I explained that most of the wine downstairs could not be drunk for some years yet. In fact, I had had a phone call from one merchant, trying to persuade me into buying some 2012 en primeur. Frankly I had better not, given that the 2005, and the 2009, are still sitting in the cellar and attracting baleful glares from my beloved.
And nor can I currently risk topping up supplies of everyday drinking, since the notion of “drinking every day” also seems to be under marital scrutiny.
So it is purely for entertainment value that I have been reading these mailings. On which they score significantly more highly, I suspect, than the wines they contain.
I realised a long time ago that many of these wines are only available from their particular merchant. Nothing inherently wrong with that, but it does mean that there are unlikely to be any comparative tasting notes online. So in order to “explain” these little-known wines to punters, the merchants resort to their own comparisons. The method goes like this: “You know that wine you’ve heard of? Well, this one is just like it!”
This is what happens in the books market, of course. You get a bestseller like 50 Shades of Grey, or The Da Vinci Code, and suddenly there are dozens of books emulating the design and the title. In these cases you certainly can judge a book by its cover – it’ll be a bit like the well-known one, only not as good.
Is that what these wine merchants are trying to tell us?
I was driven to this thought when I got a flyer for Clefs du Pontif, a Grenache Syrah Pays d’Oc which, the offer told me, was a “Chateauneuf Look-a-like”.
Now, I don’t want to be pedantic about this. Oh alright, I do. How can a wine be a “look-a-like” of another? It’s red, and it’s liquid, ergo it looks astonishingly like another red, liquid wine?
Or is it because it has a label carefully constructed with an Olde-Worlde typeface, and an ancient-looking image incorporating a sword and a key, which might if you squinted and offered “A glass of C du P, old chap?”, pass for Chateauneuf du Pape?
A lot of effort is being expended in order to produce comparisons which will flatter unknown wines, and pander to a customer’s assumed experience and aspirations. Either that, or most customers are trying to fool their guests.
“This is as close as you’ll get to Champagne without paying for the real thing,” one merchant says.
Or, “Made from 100% Chardonnay it’s a ringer for white Burgundy.”
Or, most crudely, “A Rioja in all but name”.
Well then it’s not, is it? The Rolex company sell a cheaper line of watches with the brand name Tudor; they look like a Rolex, they were created by Rolex, they are “a Rolex in all but name” – but they’re not a bloody Rolex, are they?
The more I read this particular offer of “Star Buys” etc, the more risible seemed their comparisons. “The red bears more than a passing resemblance to a young Chateauneuf du Pape.” I like to think I bear more than a passing resemblance to a young Alan Bates, but I’m not sure that description would identify me at Passport Control.
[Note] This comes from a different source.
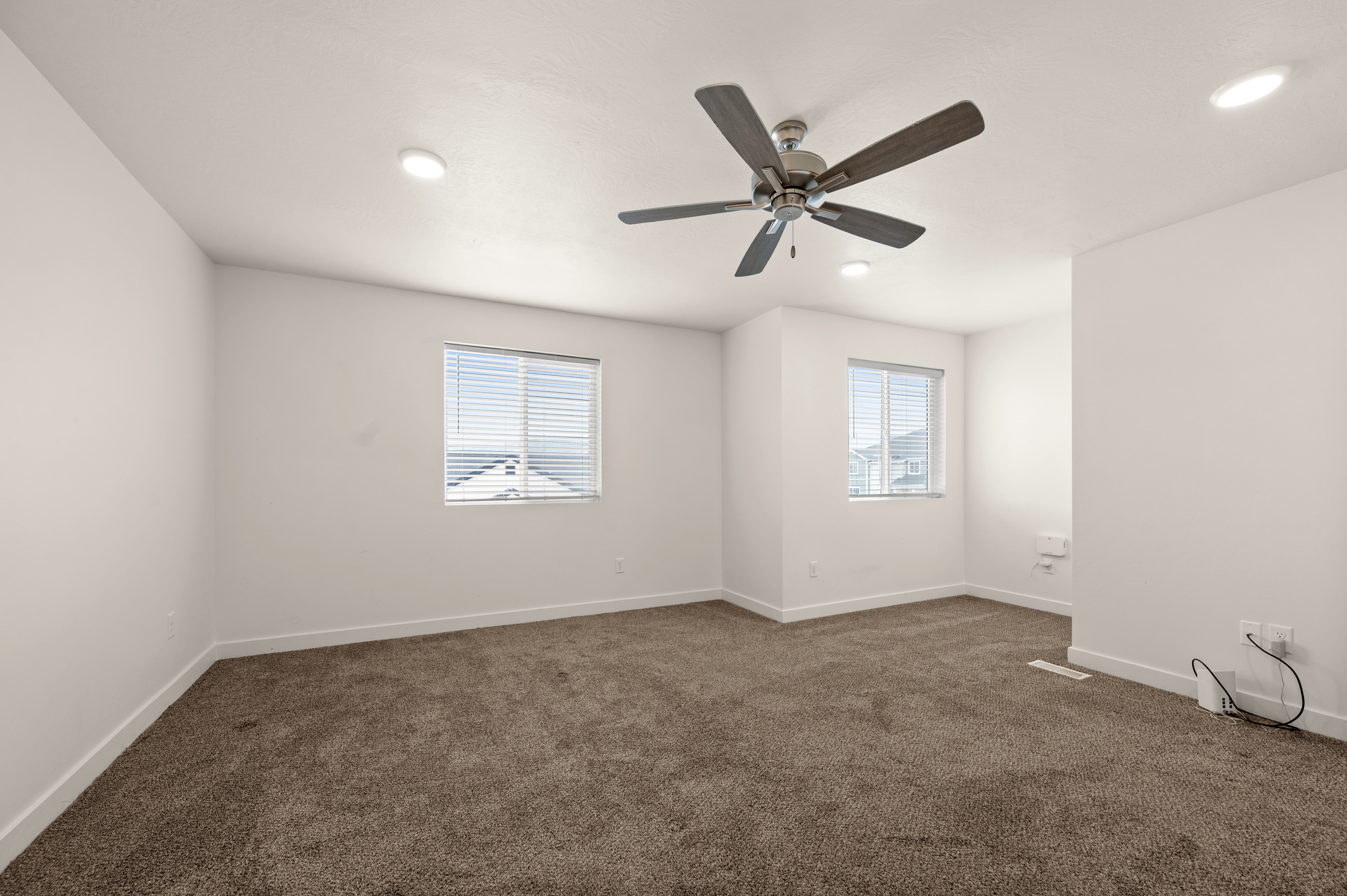 Spacious interior room featuring plush brown carpeting, crisp white walls, and a contemporary ceiling fan with integrated lighting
And what about a “Sancerre-style favourite”, a Sauvignon Blanc “reminiscent of Sancerre at twice the price”. It’s called… Sincérité. No doubt it’s even more “reminiscent” of Sancerre if you offer it slightly drunk, badly pronounced, with a cough at the end – “Do have a glass of Sincér(cough)”
Away with all these ringers, reminiscences and resemblers. Comparisons, the Bard said, are odorous. And perhaps that explains why this week’s recycling is a little more pungent than usual.